Robert Holborn is first recorded at the premises in a directory of 1914, the same year as Tanqueray’s son Frederick Baron Tanqueray. Sadly, Tanqueray junior was killed on 1st July 1916 taking part in the First Day of the Battle of the Somme and is buried at Beaumont-Hamel British Cemetery, he was just 24. Holborn is last recorded in the final directory for the county, that of 1940.

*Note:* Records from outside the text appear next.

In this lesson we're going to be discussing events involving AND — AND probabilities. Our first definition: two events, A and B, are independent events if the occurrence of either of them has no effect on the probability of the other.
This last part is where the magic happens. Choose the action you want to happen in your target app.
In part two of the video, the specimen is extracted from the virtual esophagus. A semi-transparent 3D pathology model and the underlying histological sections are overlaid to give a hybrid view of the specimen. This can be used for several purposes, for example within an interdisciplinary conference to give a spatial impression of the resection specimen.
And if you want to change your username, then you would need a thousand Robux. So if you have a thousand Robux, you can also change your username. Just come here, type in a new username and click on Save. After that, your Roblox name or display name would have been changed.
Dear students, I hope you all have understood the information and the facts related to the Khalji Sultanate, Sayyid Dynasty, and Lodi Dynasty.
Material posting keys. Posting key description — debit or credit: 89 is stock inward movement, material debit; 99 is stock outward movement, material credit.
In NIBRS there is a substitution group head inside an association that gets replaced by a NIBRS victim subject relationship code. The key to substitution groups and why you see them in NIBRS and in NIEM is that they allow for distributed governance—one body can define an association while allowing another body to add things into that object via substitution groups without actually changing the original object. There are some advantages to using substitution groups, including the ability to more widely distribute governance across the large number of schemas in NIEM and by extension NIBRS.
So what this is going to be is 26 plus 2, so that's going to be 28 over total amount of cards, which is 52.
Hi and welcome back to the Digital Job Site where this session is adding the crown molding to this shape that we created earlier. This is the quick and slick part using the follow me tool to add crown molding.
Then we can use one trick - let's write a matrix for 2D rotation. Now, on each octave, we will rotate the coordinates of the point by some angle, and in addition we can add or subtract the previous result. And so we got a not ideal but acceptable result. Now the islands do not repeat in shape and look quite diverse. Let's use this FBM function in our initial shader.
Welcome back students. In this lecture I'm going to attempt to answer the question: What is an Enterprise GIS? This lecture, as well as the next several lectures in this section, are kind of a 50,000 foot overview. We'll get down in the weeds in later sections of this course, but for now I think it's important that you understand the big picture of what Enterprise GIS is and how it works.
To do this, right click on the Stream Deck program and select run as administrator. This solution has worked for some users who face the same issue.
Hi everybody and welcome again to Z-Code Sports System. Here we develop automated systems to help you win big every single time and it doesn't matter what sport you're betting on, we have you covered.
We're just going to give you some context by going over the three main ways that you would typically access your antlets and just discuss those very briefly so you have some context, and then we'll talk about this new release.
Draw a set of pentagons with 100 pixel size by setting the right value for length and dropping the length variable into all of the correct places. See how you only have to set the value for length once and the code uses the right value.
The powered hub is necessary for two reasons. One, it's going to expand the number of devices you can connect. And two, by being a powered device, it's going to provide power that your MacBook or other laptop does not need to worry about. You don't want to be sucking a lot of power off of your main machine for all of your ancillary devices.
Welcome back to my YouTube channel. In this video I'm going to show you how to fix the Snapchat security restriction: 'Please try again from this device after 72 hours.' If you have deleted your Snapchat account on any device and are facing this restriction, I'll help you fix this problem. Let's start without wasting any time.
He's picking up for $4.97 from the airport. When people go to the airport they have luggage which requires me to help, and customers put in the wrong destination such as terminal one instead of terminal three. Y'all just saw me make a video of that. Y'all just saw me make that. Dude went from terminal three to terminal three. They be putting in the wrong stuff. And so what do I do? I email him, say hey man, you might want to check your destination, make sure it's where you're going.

The Rating and Valuation Act 1925 specified that every building and piece of land in the country was to be assessed to determine its rateable value. Woburn, like much of the county was valued in 1927 and the valuer visiting 5 George Street [DV1/C137/135] found it owned as well as occupied by Frederic Tanqueray and was entirely used for business purposes with no living accommodation.

The ground floor accommodation comprised: an “office adjoining Mr. Tanqueray’s” measuring 14 feet 3 inches by 11 feet; “Mr. Tanqueray’s Room” measuring 14 feet 3 inches by 17 feet; a signing room; “Miss Tanqueray’s Room” measuring 14 feet 3 inches by 15 feet 3 inches; a general office measuring 14 feet by 12 feet and “Mr. Holborn’s Office” (Robert Holborn who lived at 12 Bedford Street) measuring 15 feet by 17 feet. Upstairs was a map room measuring 13 feet by 11 feet 3 inches; “Mr. Herbert’s Room” (perhaps the articled clerk) measuring 13 feet by 11 feet 3 inches; a store room measuring 10 feet by 10 feet 6 inches and two drafting rooms.

A store room, a washhouse and W. C. lay outside along with a stable and coal shed. The valuer noted: “Owner pays £2 a year to Duke of Bedford for use of sewage and water”.